我正在尝试使用该库中定义的函数并行化将字符串转换为第三方包对象的代码。但是,joblib失败取决于我提供的输入数据。使用 joblib 时函数的返回类型重要吗?

要重现该问题:

首先安装第三方库:

pip install joblib music21

并下载数据文件test_input.abc(它是 4kb 的文本)。

此代码将作为脚本正常运行:

from typing import List

import music21
from joblib import Parallel, delayed


def convert_string(string: str, format: str = "abc") -> music21.stream.Score:
    return music21.converter.parse(string, format=format)
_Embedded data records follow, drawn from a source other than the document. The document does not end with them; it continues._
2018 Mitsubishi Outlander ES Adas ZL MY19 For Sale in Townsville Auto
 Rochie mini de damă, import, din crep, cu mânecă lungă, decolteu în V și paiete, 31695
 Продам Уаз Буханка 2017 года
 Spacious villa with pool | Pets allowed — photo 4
def convert_list_of_strings(
    string_list,
    n_jobs=-1,
    prefer=None
) -> List[music21.stream.Score]:
    return Parallel(n_jobs=n_jobs, prefer=prefer)(
        delayed(convert_string)(string) for string in string_list
    )

if __name__ == "__main__":
    string_list = ['T:tune\nM:3/4\nL:1/8\nK:C\nab cd ef|GA BC DE' for _ in range(1000)]
    output = convert_list_of_strings(string_list)
    print(output)

即它返回一个music21.stream.Score对象列表。

但是,如果您更改主调用以读取附件,即:

if __name__ == "__main__":
    filepath = "test_input.abc"
    tune_sep = "\n\n"
    with open(filepath, "r") as file_object:
        string_list = file_object.read().strip().split(tune_sep)
    output = convert_list_of_strings(string_list)
    print(output)

这将返回以下错误:

joblib.externals.loky.process_executor._RemoteTraceback: 
"""
Traceback (most recent call last):
  File "/path/to/venv/lib/python3.8/site-packages/joblib/externals/loky/process_executor.py", line 356, in _sendback_result
    result_queue.put(_ResultItem(work_id, result=result,
  File "/path/to/venv/lib/python3.8/site-packages/joblib/externals/loky/backend/queues.py", line 241, in put
    obj = dumps(obj, reducers=self._reducers)
  File "/path/to/venv/lib/python3.8/site-packages/joblib/externals/loky/backend/reduction.py", line 271, in dumps
    dump(obj, buf, reducers=reducers, protocol=protocol)
  File "/path/to/venv/lib/python3.8/site-packages/joblib/externals/loky/backend/reduction.py", line 264, in dump
    _LokyPickler(file, reducers=reducers, protocol=protocol).dump(obj)
  File "/path/to/venv/lib/python3.8/site-packages/joblib/externals/cloudpickle/cloudpickle_fast.py", line 563, in dump
    return Pickler.dump(self, obj)
TypeError: cannot pickle 'weakref' object
"""

The above exception was the direct cause of the following exception:

Traceback (most recent call last):
  File "joblib_test.py", line 50, in <module>
    output = convert_list_of_strings(string_list)
  File "joblib_test.py", line 39, in convert_list_of_strings
    return Parallel(n_jobs=n_jobs, prefer=prefer)(
  File "/path/to/venv/lib/python3.8/site-packages/joblib/parallel.py", line 1054, in __call__
    self.retrieve()
  File "/path/to/venv/lib/python3.8/site-packages/joblib/parallel.py", line 933, in retrieve
    self._output.extend(job.get(timeout=self.timeout))
  File "/path/to/venv/lib/python3.8/site-packages/joblib/_parallel_backends.py", line 542, in wrap_future_result
    return future.result(timeout=timeout)
  File "/path/to/venv/lib/python3.8/concurrent/futures/_base.py", line 444, in result
    return self.__get_result()
  File "/path/to/venv/lib/python3.8/concurrent/futures/_base.py", line 389, in __get_result
    raise self._exception
TypeError: cannot pickle 'weakref' object

我试图解决的问题

def convert_string(string: str, format: str = "abc") -> str:
    return music21.converter.freezeStr(music21.converter.parse(string, format=format))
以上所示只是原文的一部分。